The top 13 pay TV providers in the U.S., representing about 95% of the market, added fewer than 10,000 net video subs in the first quarter, well off from a gain of more than 250,000 in the year-ago quarter, Leichtman Research Group (LRG) found its latest quarterly analysis of the sector.
LRG said Q1 2015 marked the weakest first quarter for pay TV net adds since it began tracking the industry more than a decade ago. The first quarter is traditionally a strong period for the pay TV sector
LRG said the top nine cable MSOs shed about 60,000 video subs in Q1, versus a loss of 50,000 in the year-ago quarter.
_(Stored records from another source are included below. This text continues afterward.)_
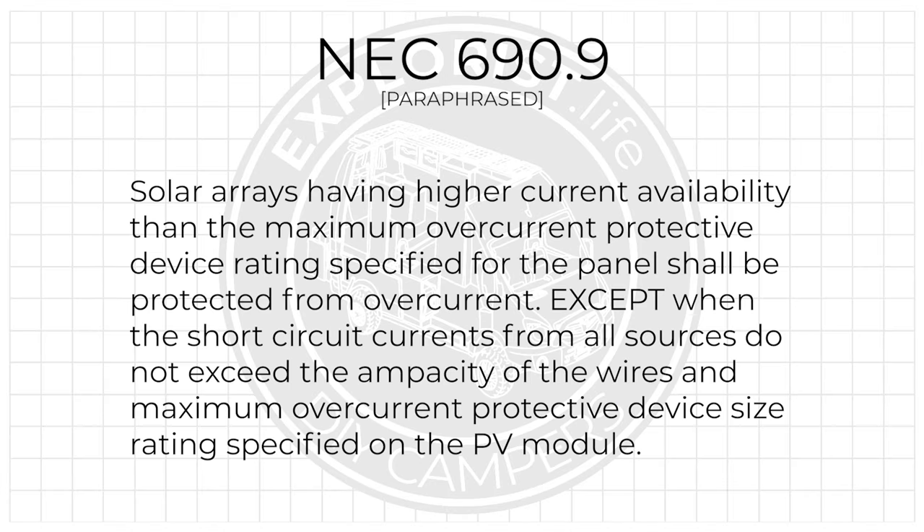Without wasting any more of your time, let's get to it. The National Electric Code is pretty straightforward on this issue. In NEC 690.9, paraphrased, it says: solar arrays having higher current availability than the maximum overcurrent protected device rating specified for the panel shall be protected from overcurrent, except when the short circuit currents from all sources do not exceed the ampacity of the wires and the maximum overcurrent protective device size rating specified on the PV module nameplate.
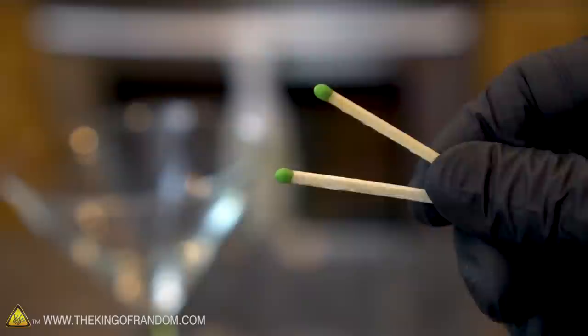All you're gonna need for this experiment is a fork, a spoon, a couple of matches or some toothpicks, and some kind of a glass or container that you can set them on.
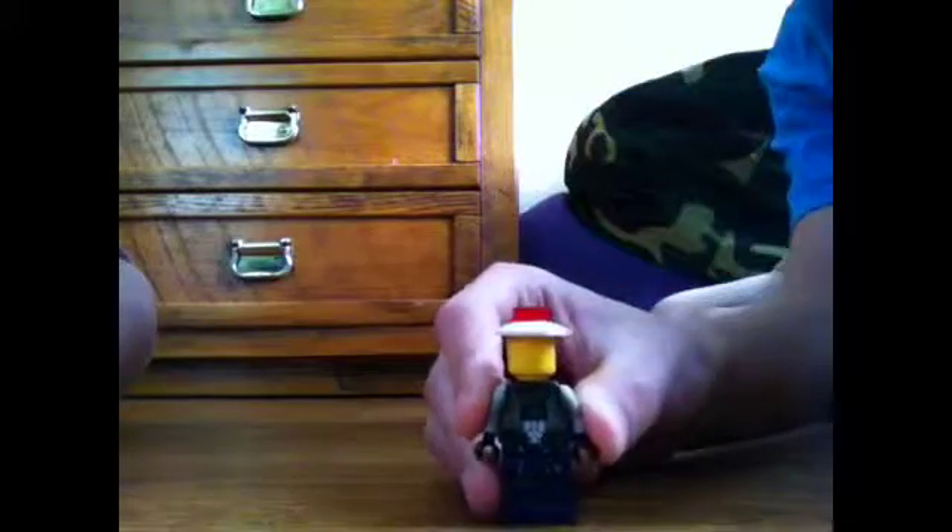Then get one of these pieces and put it at the bottom, and that's all. Please subscribe — I have a twisted head, I don't know why.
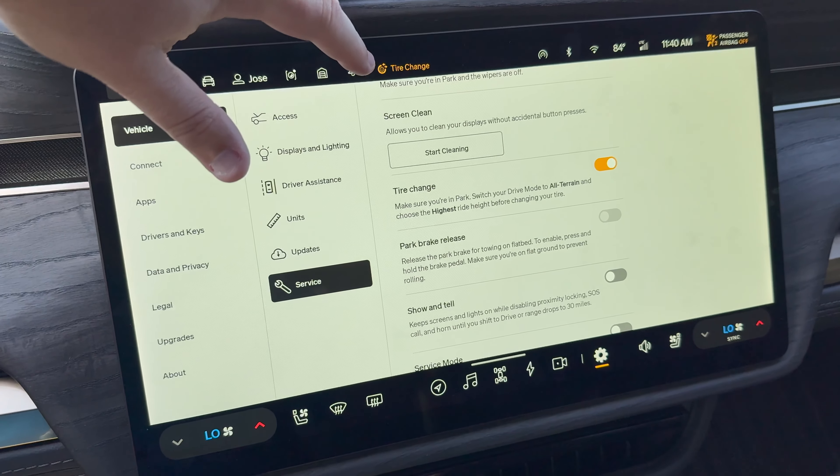The next one is called Tire Change. Once you enable this, it says 'ride height changes will be unavailable,' and you'll see a little notification. This is great for when you are getting your tires rotated at a Discount Tire or at Rivian, so that the auto height adjustment does not trigger and cause any issues. Rivian also suggests putting your vehicle in all-terrain mode and setting it to the highest ride height before changing any tire.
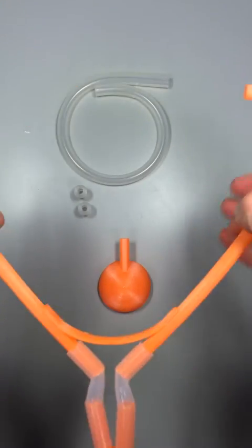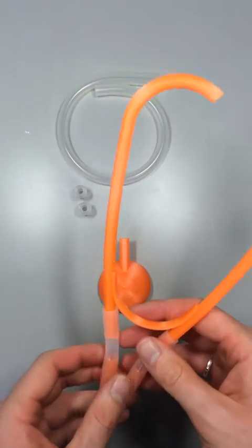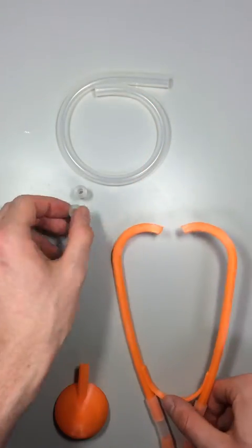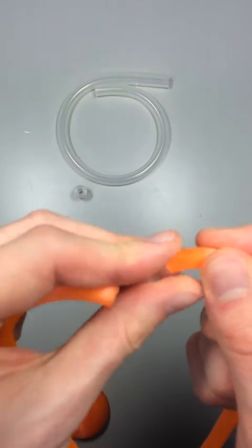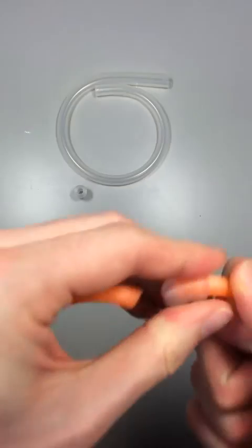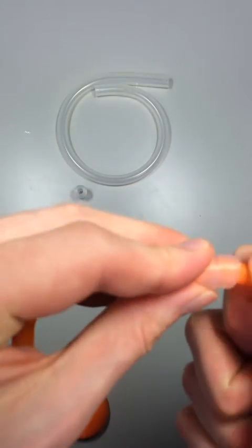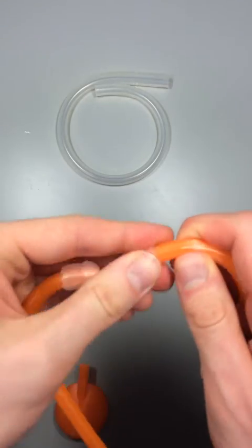These can actually be spread quite wide, don't worry about the join. And then in regards to the earbuds, you can stick them on here. Everything is nice and press fit, so it should just fit nice and snug.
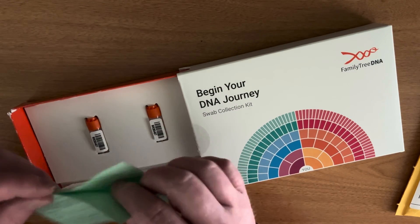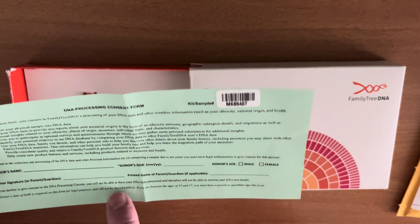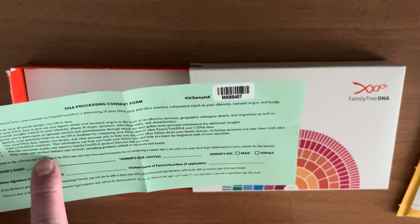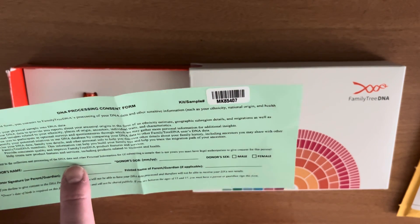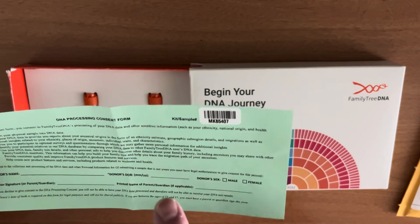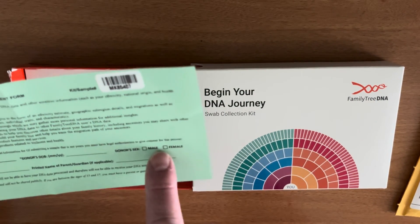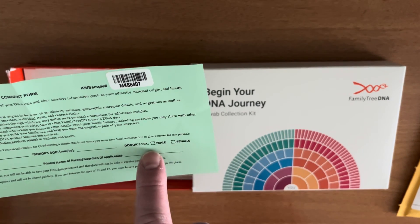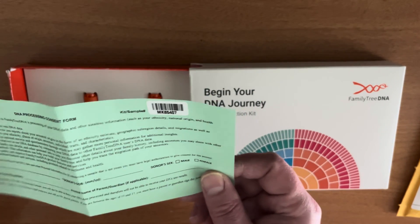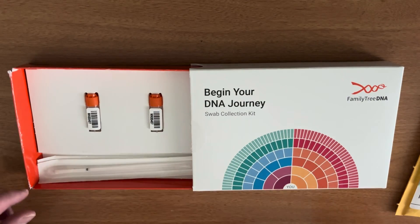Here's that green consent form, which you'll need to read and sign. You consent to converting your physical sample to DNA data and some other things. You consent to the collection and processing of DNA. Check out my video on the Family Tree DNA Terms of Service and Privacy Policy before you complete this. Your name, your date of birth, sex — male or female, meaning do you have a Y chromosome or not — and your signature and your printed name. That also has to go back with your kit. Double check and make sure the serial number is the same as all the other materials you've been given.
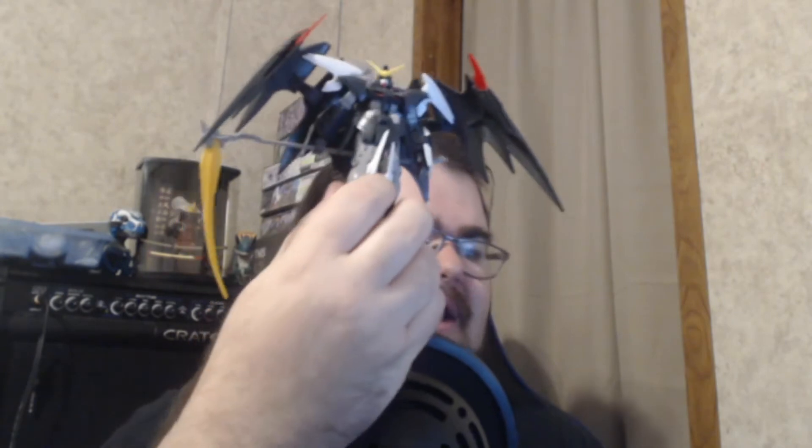Next up is my Death Scythe Hell. I haven't painted the scythe yet — this is one of the older kits where you have to do a little bit of painting to make it look better. I'm probably going to put some time into that at the beginning of the new year. Death Scythe is one of my absolute favorite kits. By the way, these are all 1/144 scale, so the size is a little bit smaller.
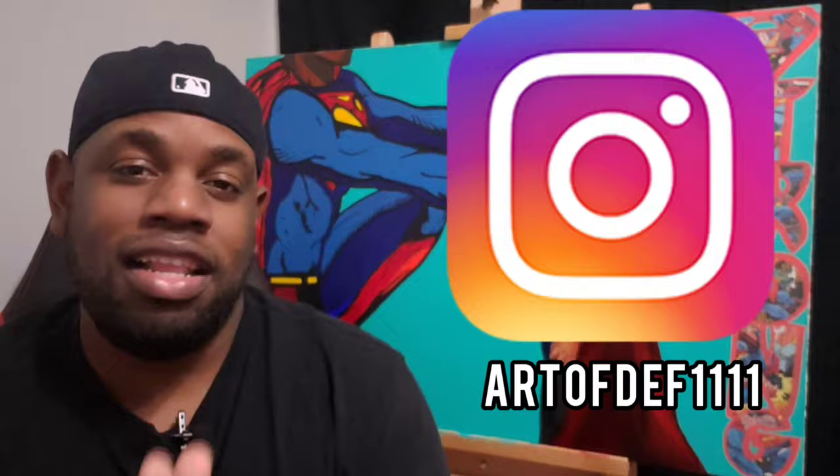What's up everybody? So today in this video I'm going to be taking you guys through how to glaze with your paintings. Today I'm going to be using oil.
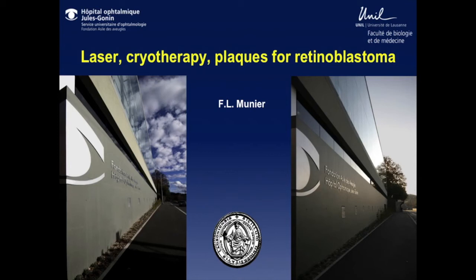Focal treatment is not something that is universally accepted because there are different ways to treat retinoblastoma with laser or with cryo.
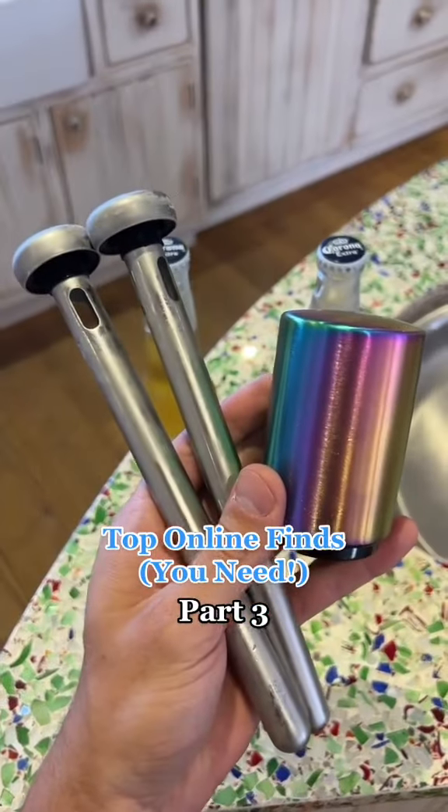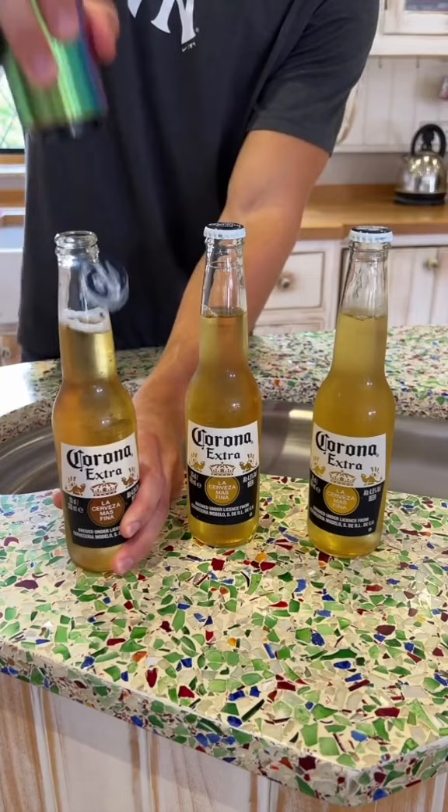Here's two great finds for this summer if you love to drink in the sun. This is a bottle opener that makes opening beers a hundred times easier — literally even your hundred-year-old grandad could use this.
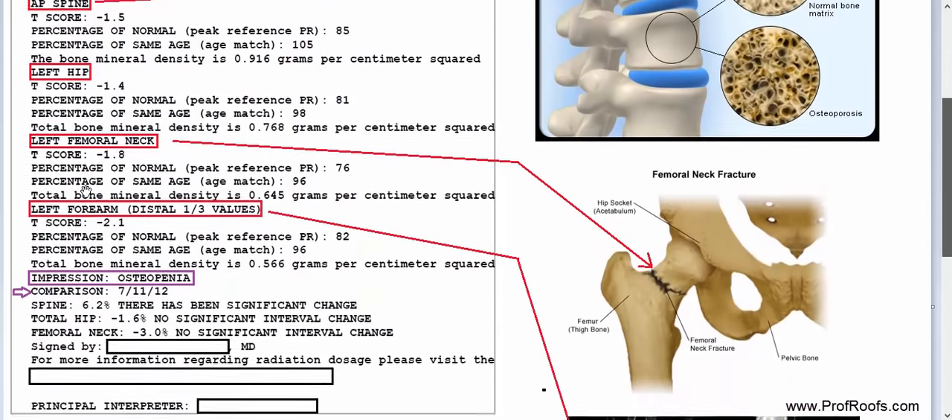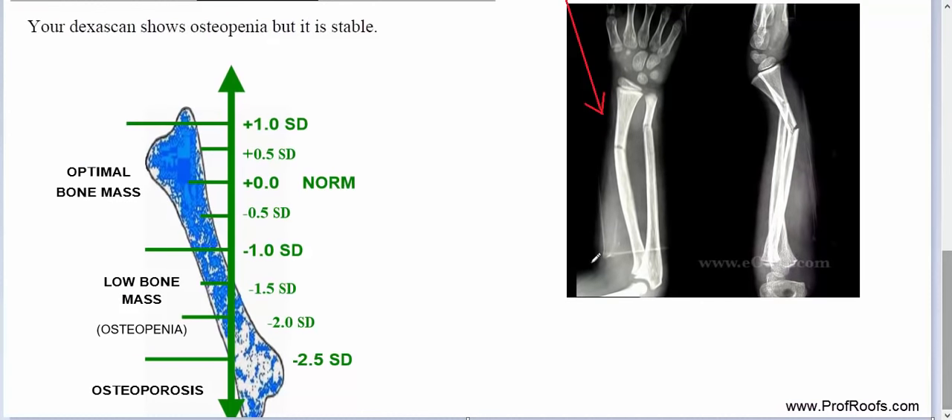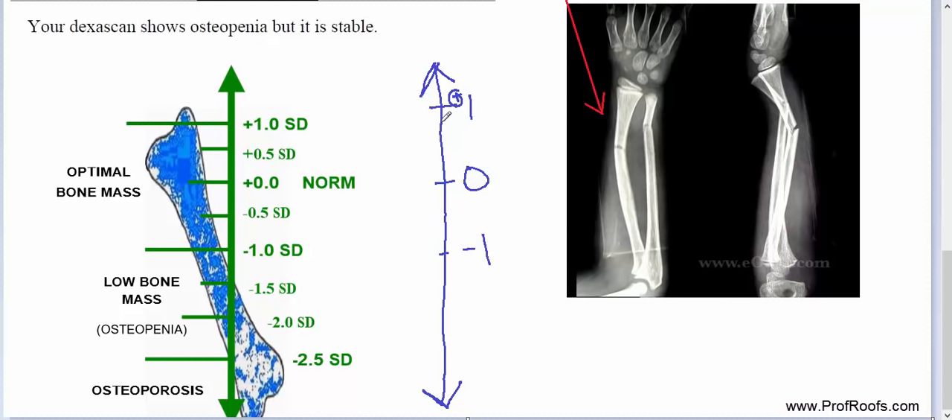Before we go over this report, go to the bottom and see the different scale. If we make a scale here, we start at positive 1, then 0, and then negative 1. This area from positive 1 down to negative 1 is normal — normal bone density. And then when we go from negative 1 all the way down to negative 2.49, this area is called either low bone mass or osteopenia.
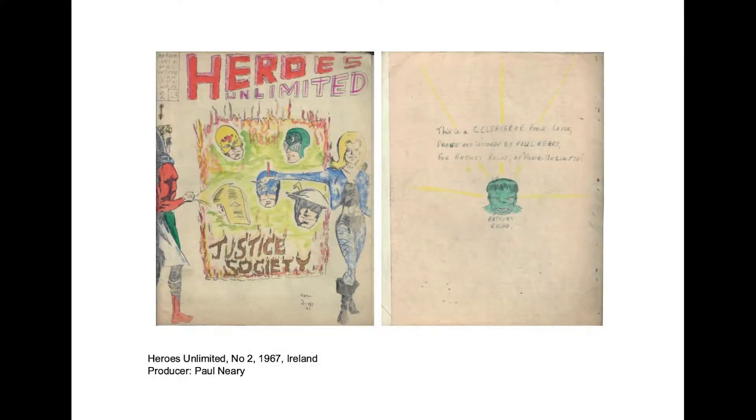One of my favorite publications from this period is Heroes Unlimited, produced by Paul Neri in 1967. It was one of the first comic zines outside of the US encouraging communication between fans and the producers Paul and Anthony Roche. The black and white covers of these zines provided a chance to add a layer of coloring and washes to give it some vibrancy and added life. The inside cover identifies that the color was by a particular individual, giving credit to those contributing to the issue.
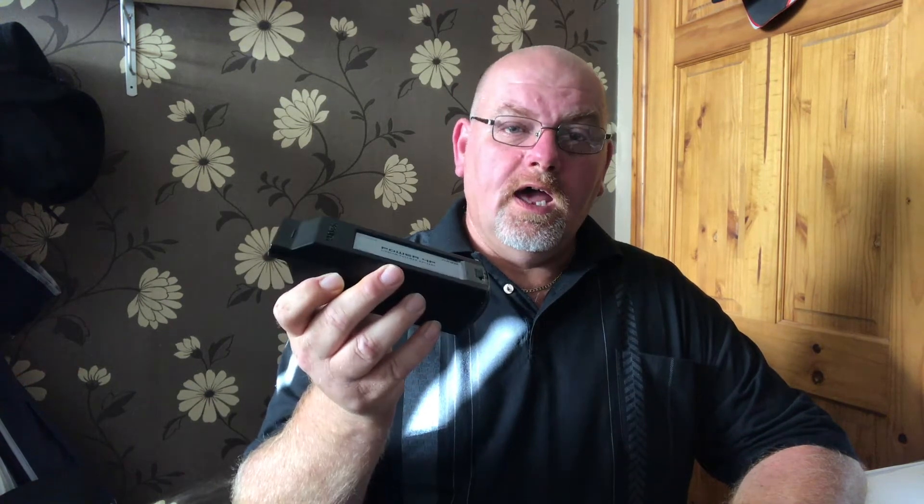The H480 battery is 14.8 volts at 5400 milliamps. The new H Plus is LiPo HV at 15.2 volts, but only 5250 milliamps — a slight difference. But the good news is you can use your old batteries in your new H Plus, so no wastage.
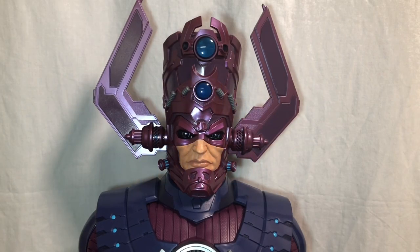Hi everybody, this is BoogSReviews and today I'm going to be doing a review on the largest figure I've ever reviewed — the Marvel Legends HasLab Galactus figure. That's why my setup is a little different for today. Before we take a look at Galactus and all of his accessories, let's go ahead and take a look at his heralds and their accessories.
Dish Network and DirecTV combined to lose 74,000 video subs in the period, versus a gain of 52,000 in 1Q 2014.
The top telcos added 140,000 video subs, down from 251,000 net adds in Q1 2014. LRG said the net video adds by the top telcos in Q1 2015 were the fewest of any quarter since Q4 2006.
Those top 13 providers still account for about 95.2 million subs – 49.2 million served by cable, 34.2 million by satellite TV, and 11.7 million by the top telcos.
“The traditionally strong first quarter for the pay-TV industry did not prove to be so this year,” LRG president and principal analyst Bruce Leichtman said, in a statement. “Despite virtually breaking even in the quarter, the first quarter of 2015 marked the first significant sign of an acceleration in pay-TV subscriber losses. In addition to changes in consumer demand for video services spurred by competition from alternatives, the decline of about 0.4% of subscribers over the past year was also driven by several providers becoming more discerning in customer acquisition and retention, focusing on higher-value/lower-churn customers at the expense of the volume of subscribers.”
In his analysis of Q1 2015, MoffettNathanson principal and senior analyst Craig Moffett said U.S. pay TV lost about 31,000 customers in the first quarter, compared to a gain of 271,000 subscribers in the same period in 2014.
While the rate of decline – about 0.5% over the past 12 months – was small, it was the “fastest rate of decline on record and it represents by far the largest sequential acceleration we have seen to date,” Moffett wrote.